Programmer : CloudView Programmer : Customizing CloudView : Customizing Document Analysis
 
Customizing Document Analysis
 
What Can a Document Processor Do?
Write Custom Document Processors Inline
Add a Custom Document Processor to Your Analysis Pipeline
Exalead CloudView is delivered with a vast number of document processors that can alter documents in analysis pipelines. By assembling these processors, most analysis tasks can be performed. However, for advanced and custom operations, it is often required or more convenient to write custom document processors.
A custom document is a Java class extending the com.exalead.pdoc.analysis.CustomDocumentProcessor class. It manipulates the document as a com.exalead.pdoc.ProcessableDocument object.
Note: For functional details on document processors, see the Exalead CloudView Configuration Guide .
What Can a Document Processor Do?
Write Custom Document Processors Inline
Add a Custom Document Processor to Your Analysis Pipeline
What Can a Document Processor Do?
A document processor can:
Modify, create, or remove document metas.
Modify, create, or remove document parts.
Discard a document: ignore it, or delete it from the index.
A document processor cannot:
Modify the URI or stamp of a document.
Create new documents.
Samples
Several samples of document processors are available in the Exalead CloudView kit, in <INSTALLDIR>/sdk/java-customcode/samples/document-processors.
You can build the samples using Apache Ant. This creates a plugin zip file that you can install in Exalead CloudView.
Debugging
The process() method of the CustomDocumentProcessor receives a DocumentProcessingContext argument. Use the DocumentProcessingContext method to report any error or warning with the document. This ensures that all error context is adequately captured for efficient debugging.

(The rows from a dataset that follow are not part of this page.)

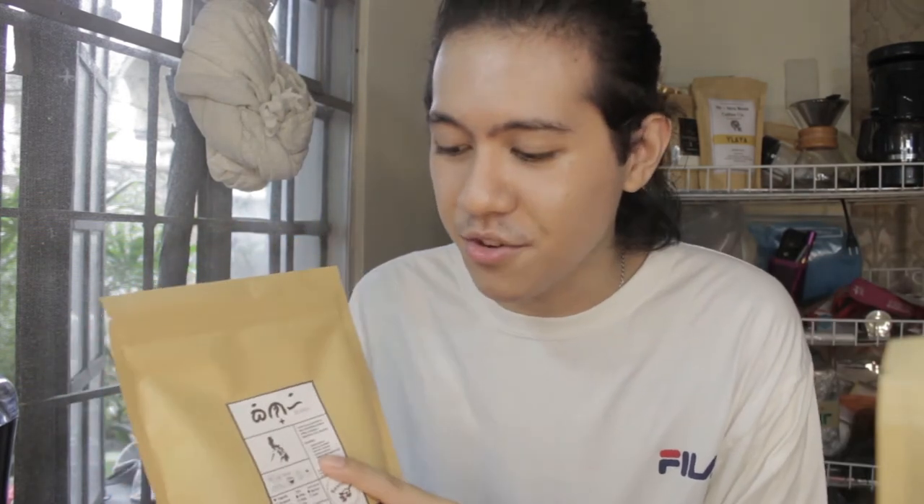I'm going to try it out using my espresso machine that doesn't really give the best espresso, but I'm still going to try it. If that doesn't work out, I'm going to drink it how I normally drink coffee — with my pour-over. I'll try that maybe after this, but right now I'm just going to try the espresso one.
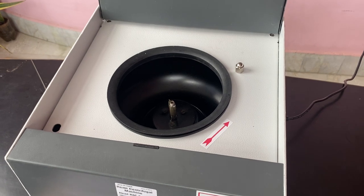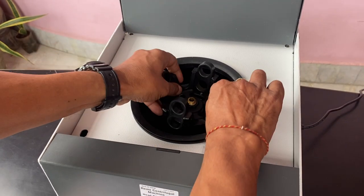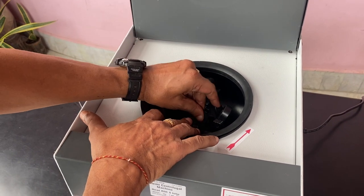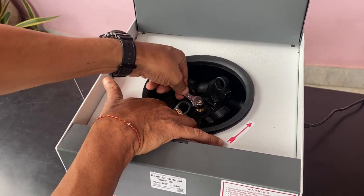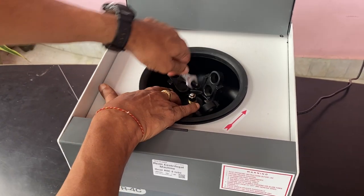You have to open the center pillar screw. These are the tools provided — one key and another is a lock. Here is the top side. Press it and screw the knob here. Fix it and tighten it with the key provided.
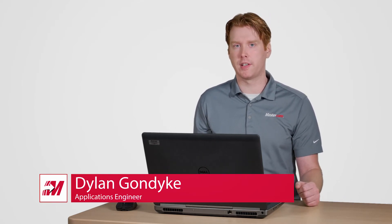Hi, I'm Dylan with Mastercam, and in this video I'll be showing you some of the changes to the merge pattern interface for Mastercam 2020.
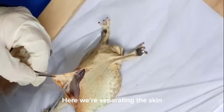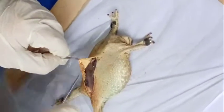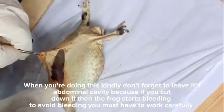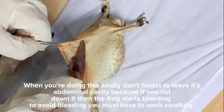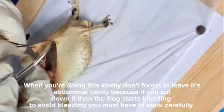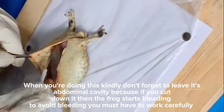Here we are separating the skin. When you're doing this, kindly don't forget to leave its abdominal cavity because if you cut down it, then the frog starts bleeding. To avoid bleeding, you must have to work carefully.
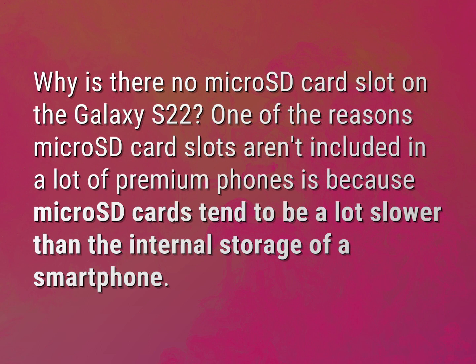One of the reasons micro SD card slots aren't included in a lot of premium phones is because micro SD cards tend to be a lot slower than the internal storage of a smartphone.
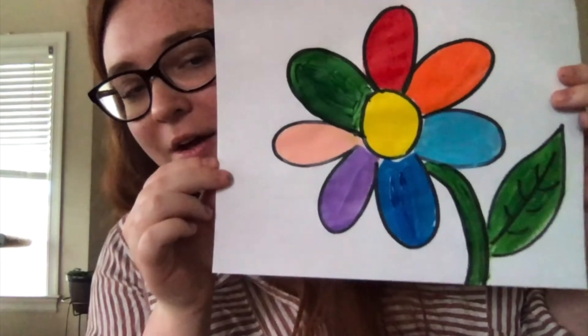Awesome! All right friends, that's it for me today. Here's our finished painting — our flower. I hope your drawings turned out beautiful as well; I bet they did. And if you want to send me a picture of your drawing, please do — I would love to see them. Okay, I'll see you guys next time!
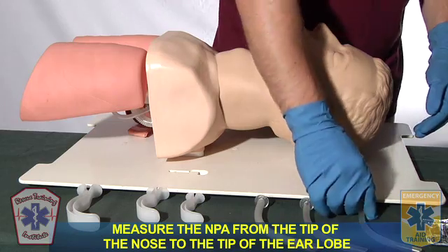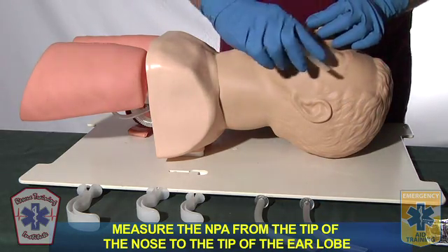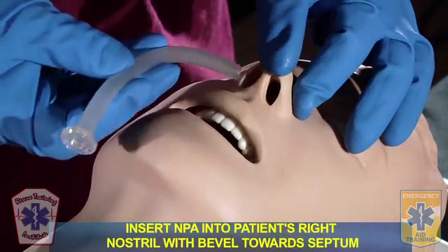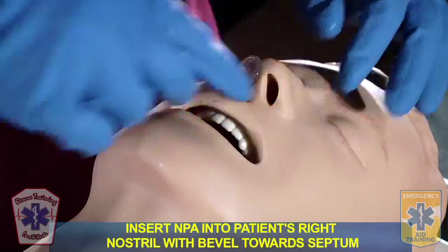Please demonstrate how you would insert a nasopharyngeal airway. I'm going to select my appropriate size nasopharyngeal airway by measuring from the tip of the nose to the tip of the earlobe. I will lubricate my nasopharyngeal airway with water-soluble jelly. I'm going to insert my airway into the patient's right nostril with the bevel facing towards the septum.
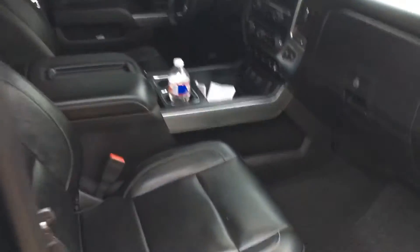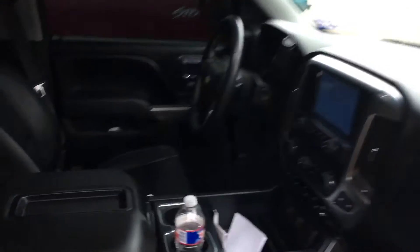Told you I'd show you the console the last go around, so I guess I'll show you the console. Got the full console, leather, all that. Not too much.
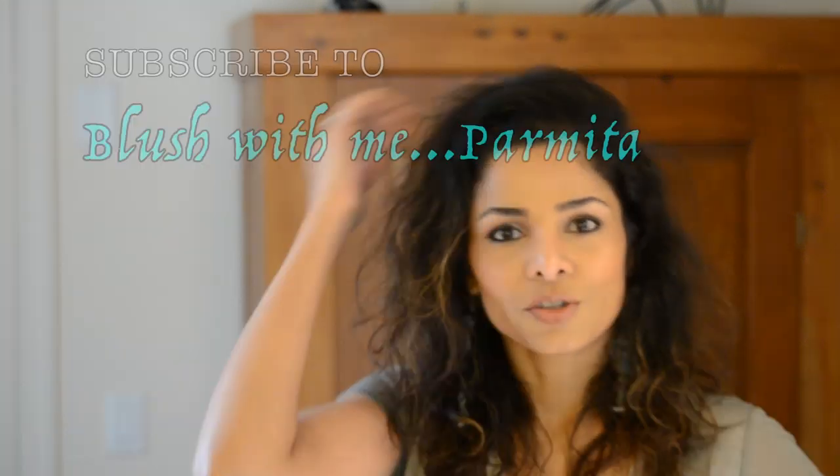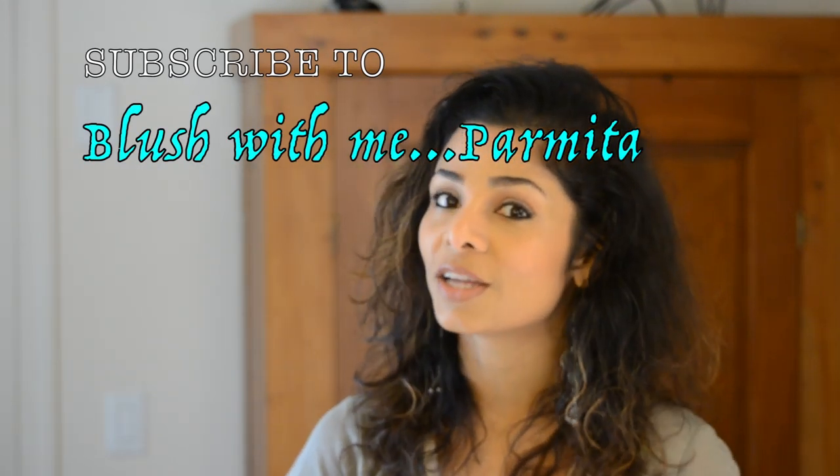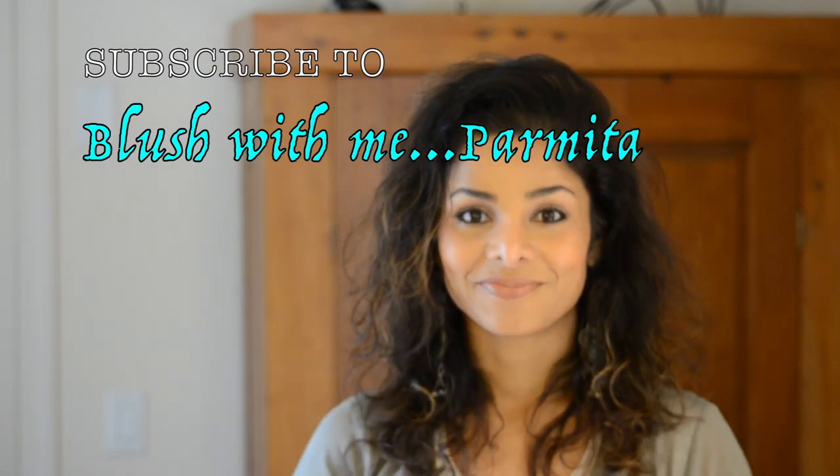My husband hates straight hair on me — I love it sometimes. After all, variety is the spice of life. I like variety with my makeup, my hair, my clothes. I'm a woman and I have the liberty to dress the way I want. So why not make the best of it? Stick around and blush with me — I will show you a lot more you can do. Let's see the beach now!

Write Custom Document Processors Inline
You can write document processors directly in the Administration Console, using the integrated code editor.
1. Open the Administration Console at http://<HOSTNAME>:<BASEPORT+1>/admin.
2. Go to Index > Data Processing > Pipeline name > Document Processors.
3. Expand Custom and drag a Java Document Processor to the Current processors panel.
4. Select Inline Java, click Edit java.
5. Click Check source code to verify that the code compiles correctly.
6. Click Accept and then Apply.
Your custom document processor is now active.
Add a Custom Document Processor to Your Analysis Pipeline
Once you have developed your custom document processor, you can add it to your document analysis pipeline in the Administration Console.
Package and upload the plugin containing your document processor.
1. Open the Administration Console at http://<HOSTNAME>:<BASEPORT+1>/admin.
2. Go to Index > Data Processing > Pipeline name > Document Processors.
3. Expand Custom and drag a Custom Document Processor to the Current processors panel.
4. Fill in the Class id (available document processors are suggested automatically).
5. If there is additional configuration for the processor, you can fill in the configuration keys.